[Work order] For the entries below, copy exactly the line that contains "Großer Adler auf" through the line that contains "Panasonic G9 II Handling is excellent", both ends included, and exclude all pictures.
##### Stored data
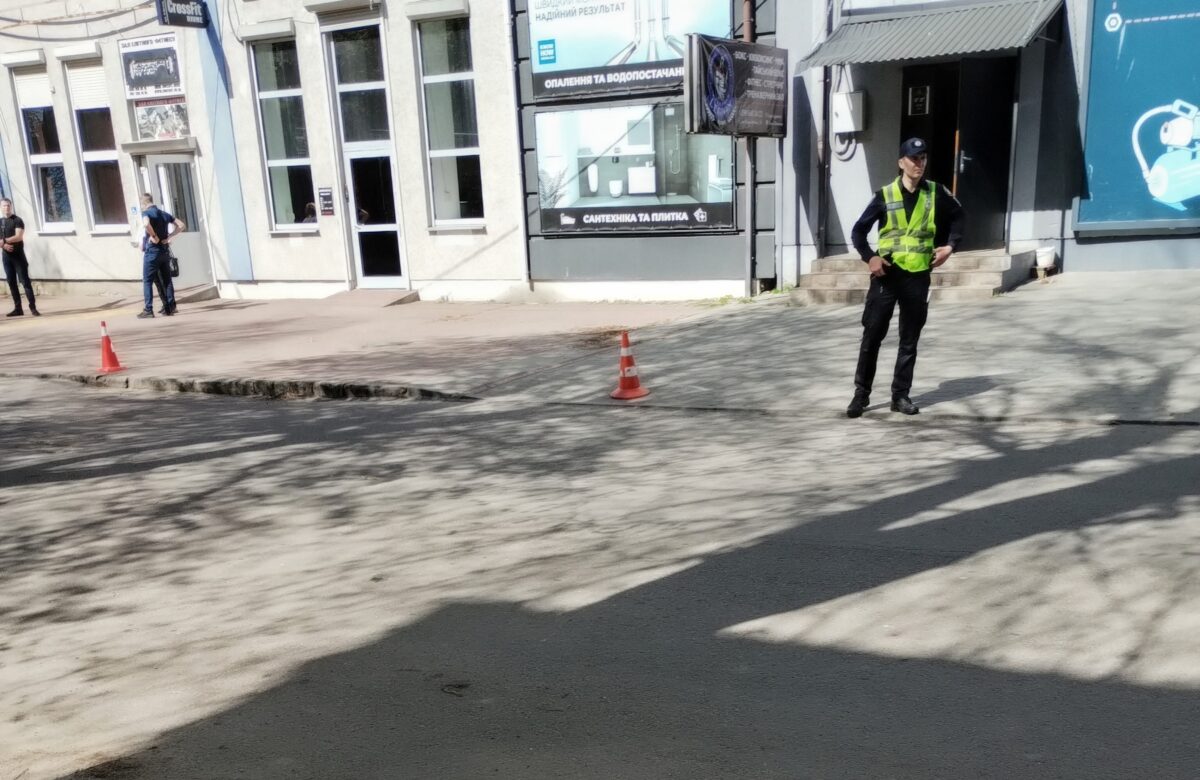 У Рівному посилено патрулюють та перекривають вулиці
##########
##### Stored data
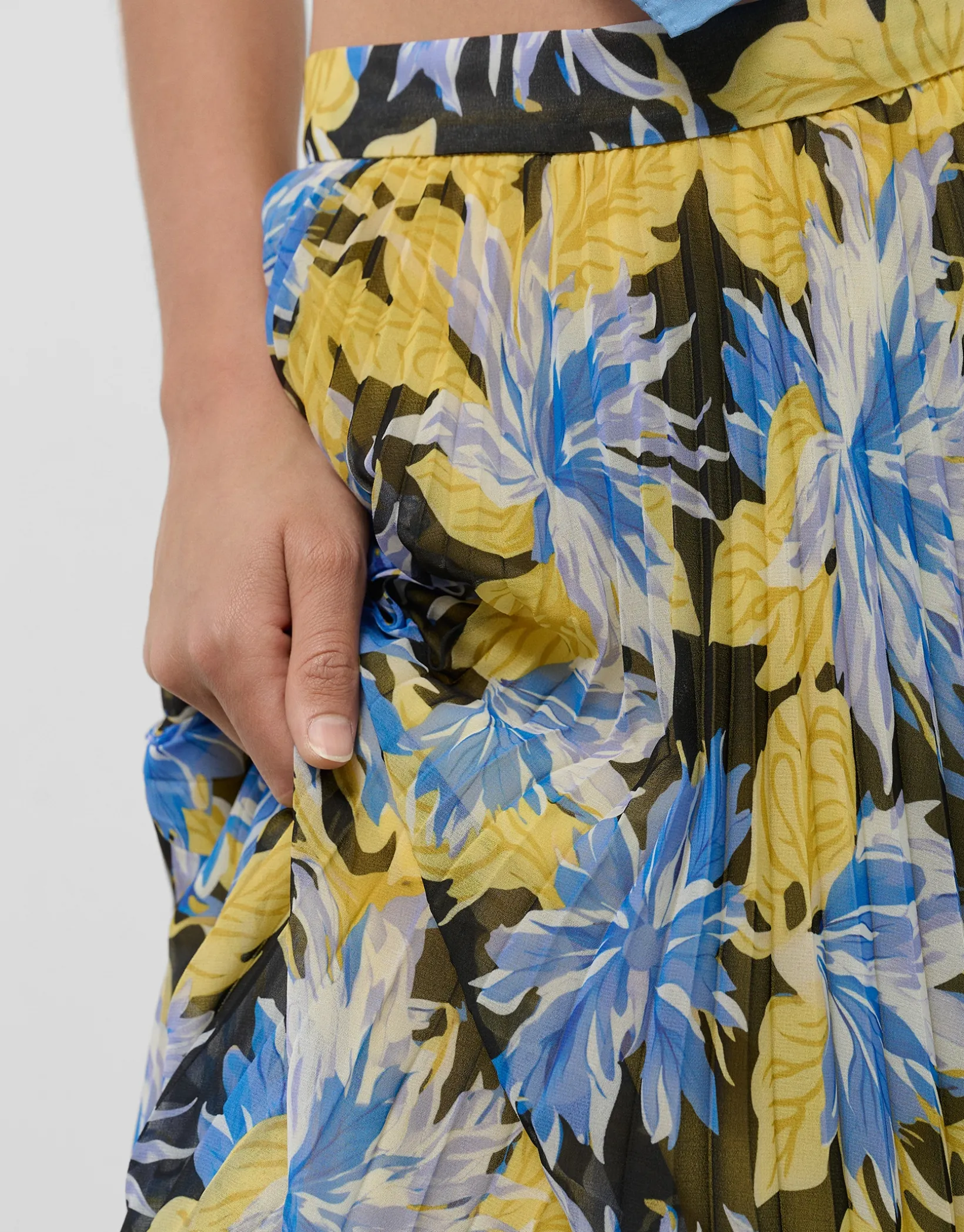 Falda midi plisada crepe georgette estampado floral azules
##########
##### Stored data
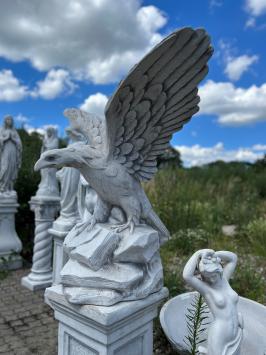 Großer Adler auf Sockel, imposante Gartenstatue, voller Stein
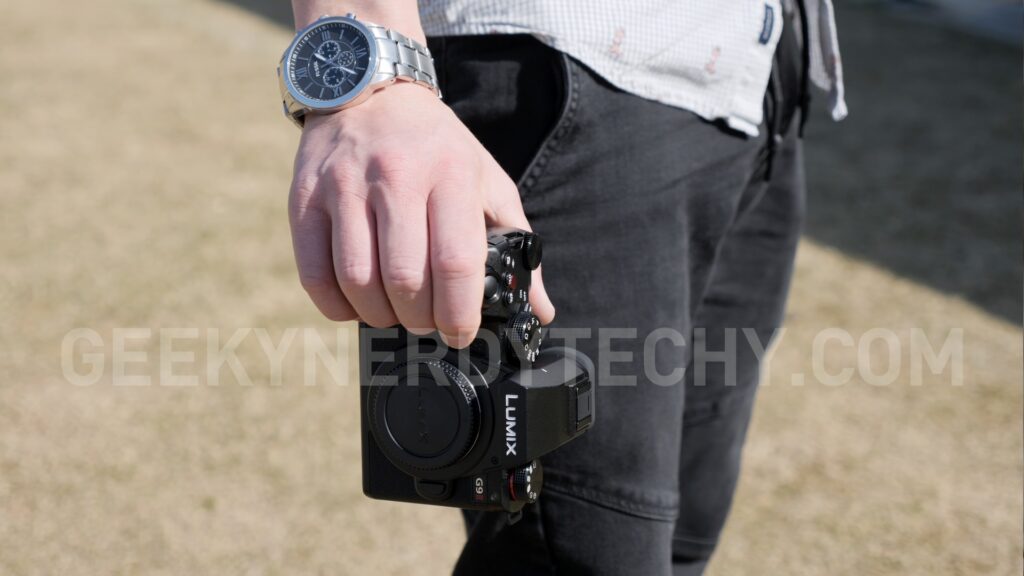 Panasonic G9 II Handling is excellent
##########
[Response to the exercise]
 Großer Adler auf Sockel, imposante Gartenstatue, voller Stein
 Panasonic G9 II Handling is excellent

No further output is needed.